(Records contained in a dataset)
○ ○ ○ ○ ○

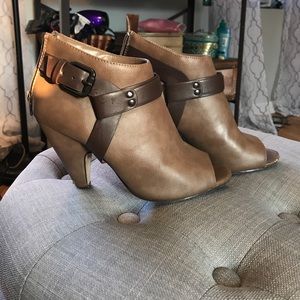 Peep toe booties in taupe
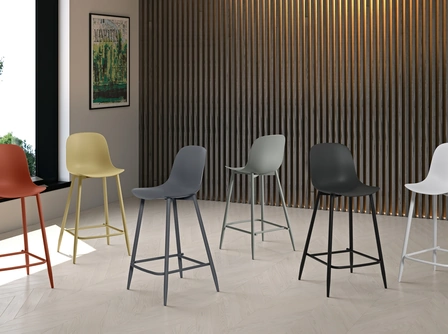 Sgabello in polipropilene Frida di Stones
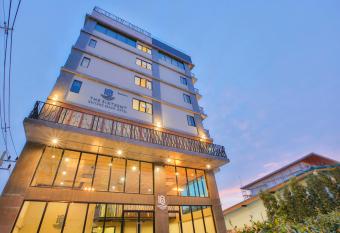 The Sixteenth Naiyang Beach Hotel SHA Plus has Balcony rooms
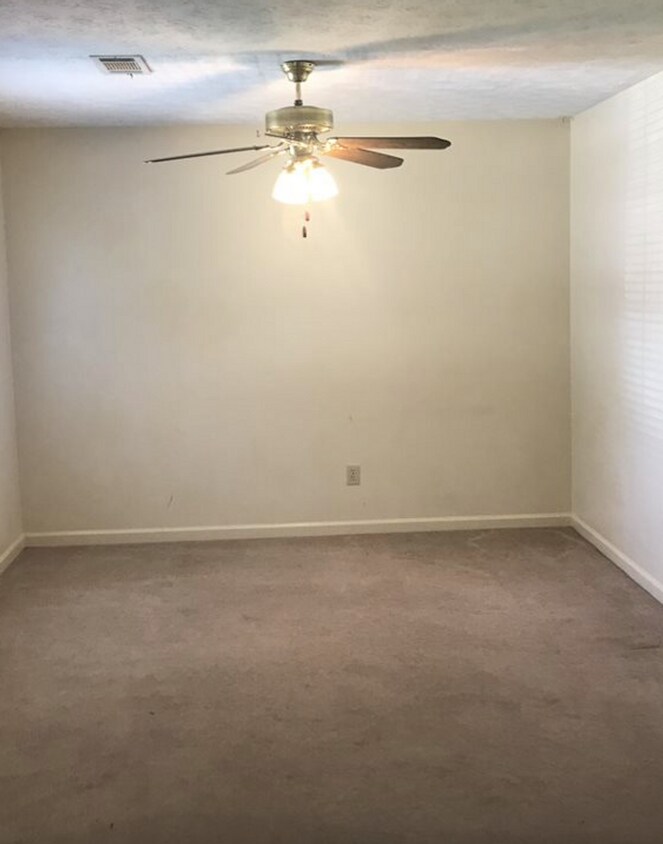 Foto del edificio - Available Fall 2026!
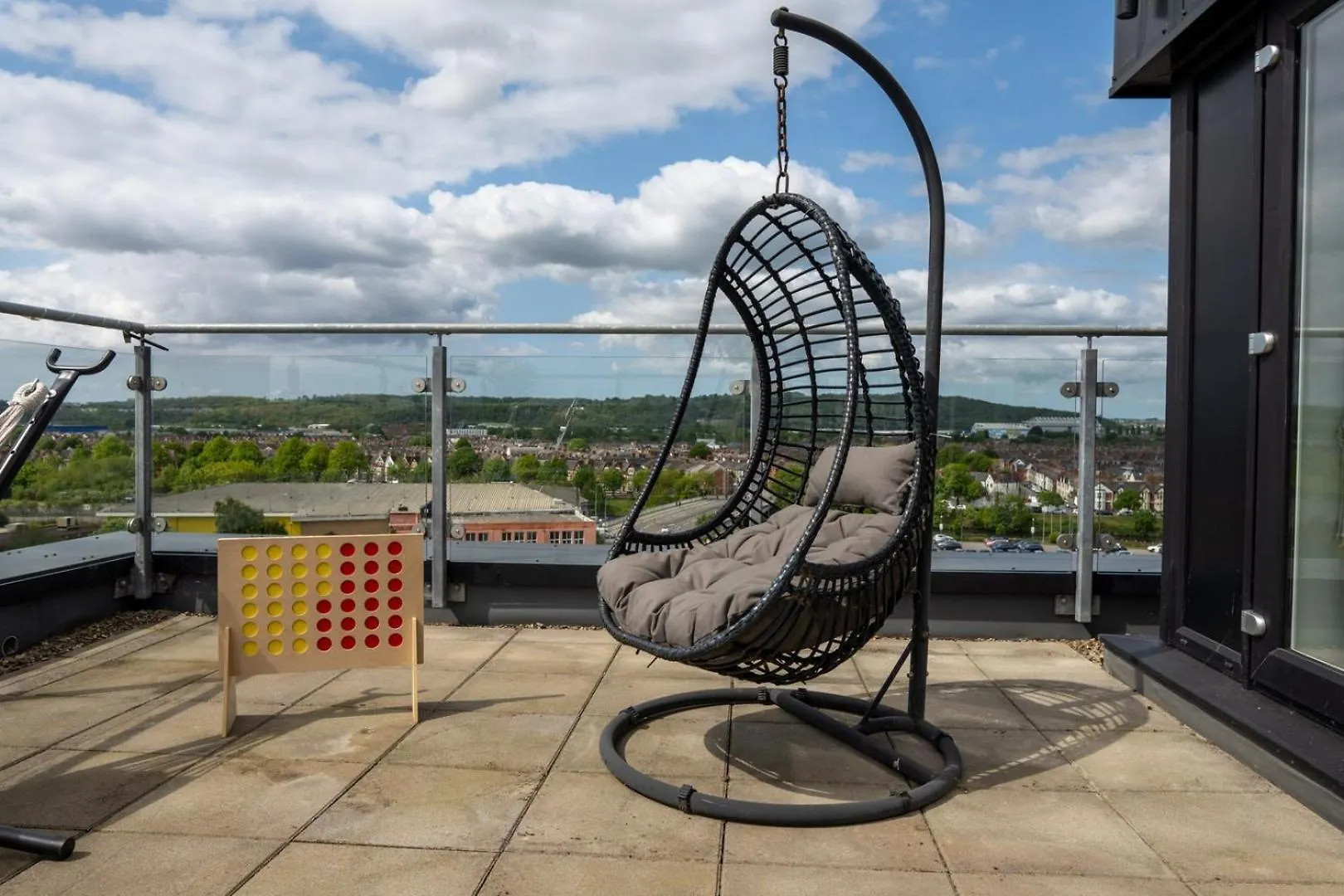2-Bedroom Cardiff Bay Apartment Wi-Fi, Parking
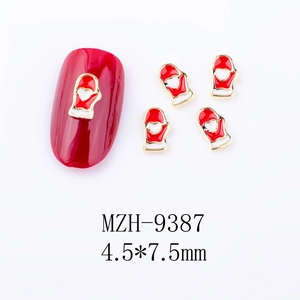 Detailansicht eines rot-weißen Herz-Handschuh-Nagelcharms, Maße 4.5 mal 7.5 mm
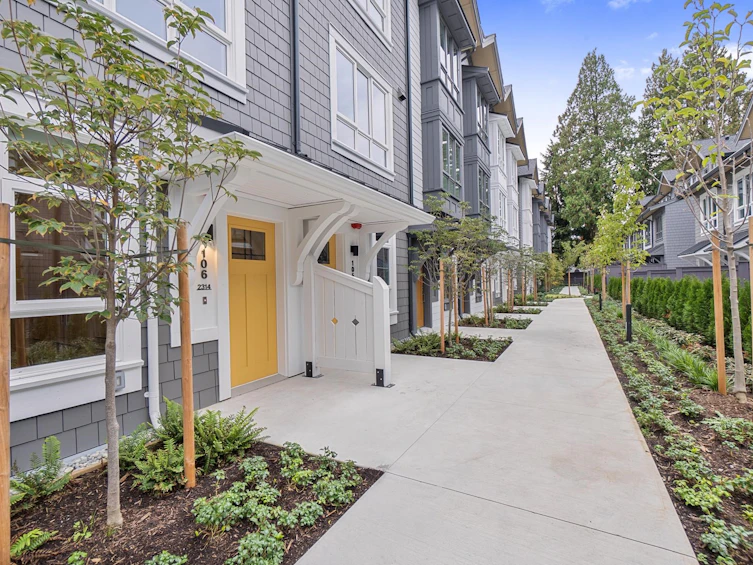 106-2320 Emery Court, North Vancouver, BC - 2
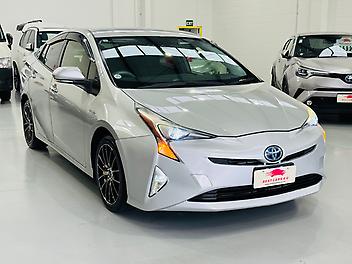 2017 Toyota Prius S LIMITED HYBRID | CRUISE CONTROL | ALLOY WHEELS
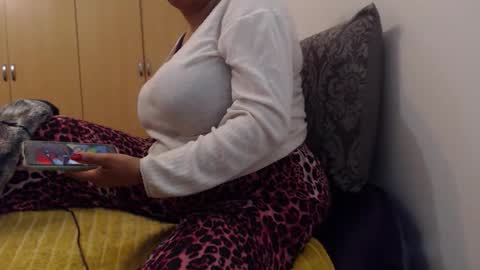 Snapshot of xxxbustybabe27x chatting on October 15, 8:53 pm Ayanda online show from October 15, 8:53 pm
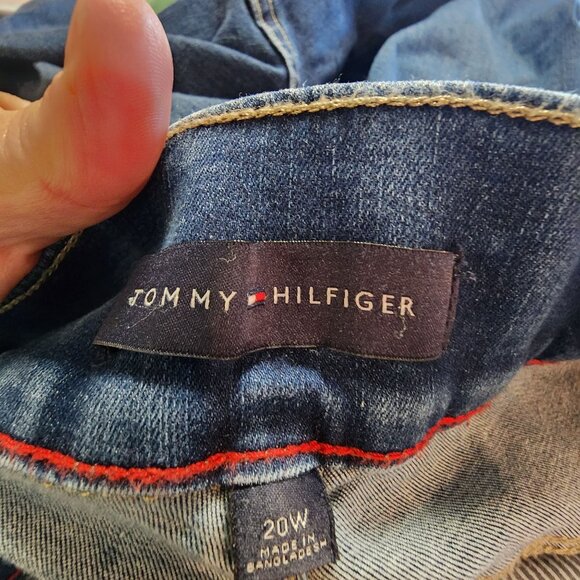 Tommy Hilfiger Gramercy Ankle Pull on Denim Jeans Pockets Womens size 20W - Picture 4 of 4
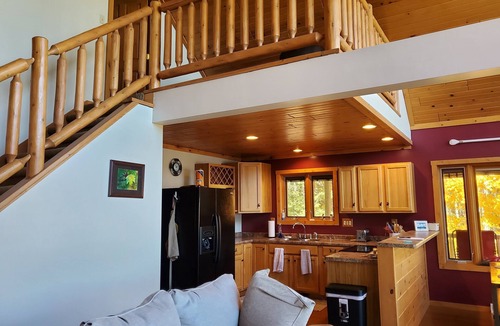Loretto House | Rock Lake Retreat: Sun, Water & Relaxation – The Ultimate Summer Escape!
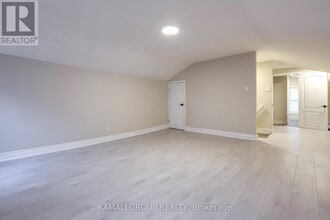 81 McMillan Dr in Oshawa, ON - Building Photo - Building Photo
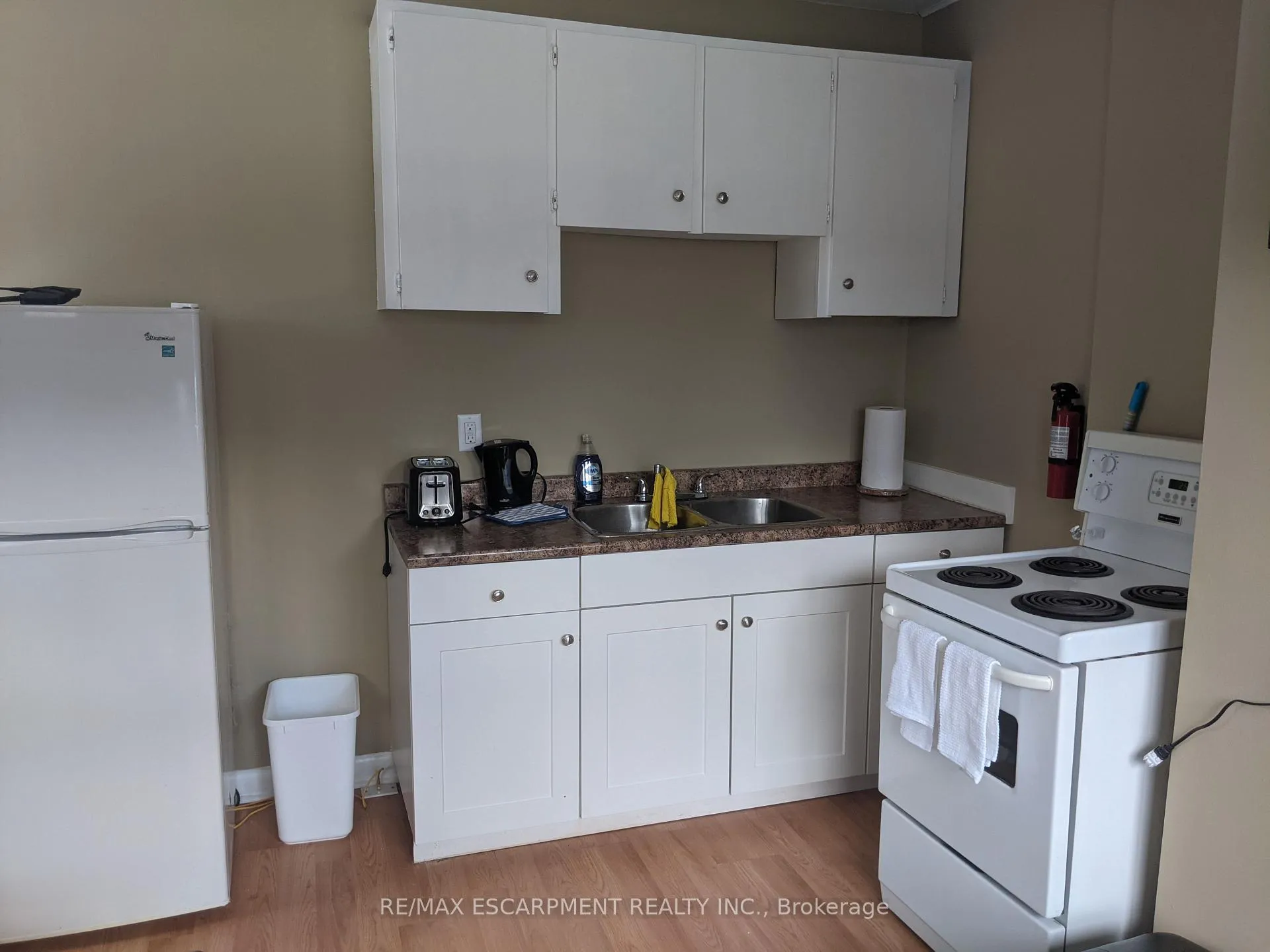 Photo 8 of Unit 4, 63 Pelham Road E, St. Catharines, Western Hill — HOMEH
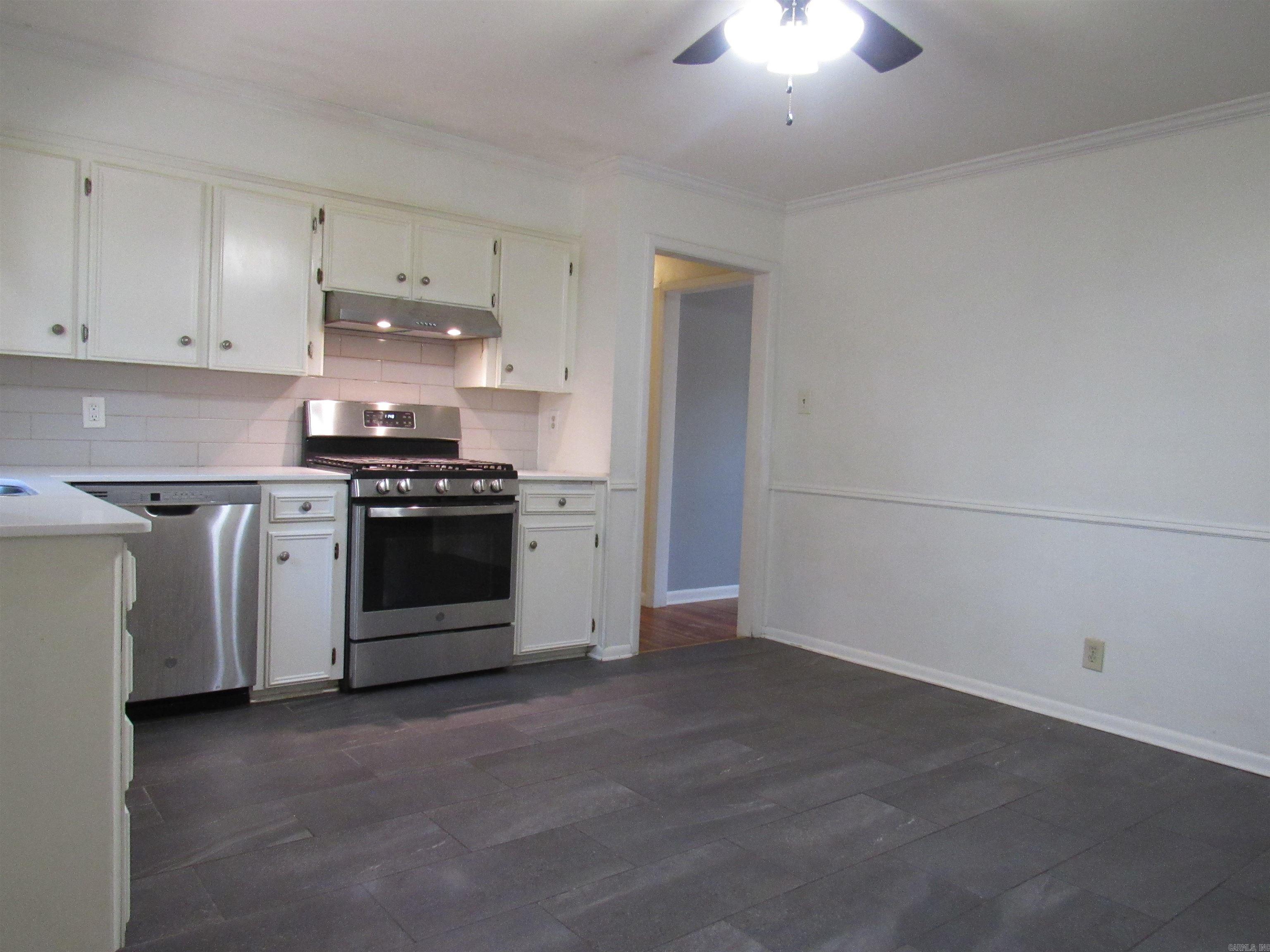 6201 Blackhawk Dr Property Photo 18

○ ○ ○ ○ ○

## [Directions for this task]
For this exercise, set down exactly the lines that run from the line holding "106-2320 Emery Court, North" to the last line of the records above; include both end lines and omit pictures.

## [Result for this task]
 106-2320 Emery Court, North Vancouver, BC - 2
 2017 Toyota Prius S LIMITED HYBRID | CRUISE CONTROL | ALLOY WHEELS
 Snapshot of xxxbustybabe27x chatting on October 15, 8:53 pm Ayanda online show from October 15, 8:53 pm
 Tommy Hilfiger Gramercy Ankle Pull on Denim Jeans Pockets Womens size 20W - Picture 4 of 4
Loretto House | Rock Lake Retreat: Sun, Water & Relaxation – The Ultimate Summer Escape!
 81 McMillan Dr in Oshawa, ON - Building Photo - Building Photo
 Photo 8 of Unit 4, 63 Pelham Road E, St. Catharines, Western Hill — HOMEH
 6201 Blackhawk Dr Property Photo 18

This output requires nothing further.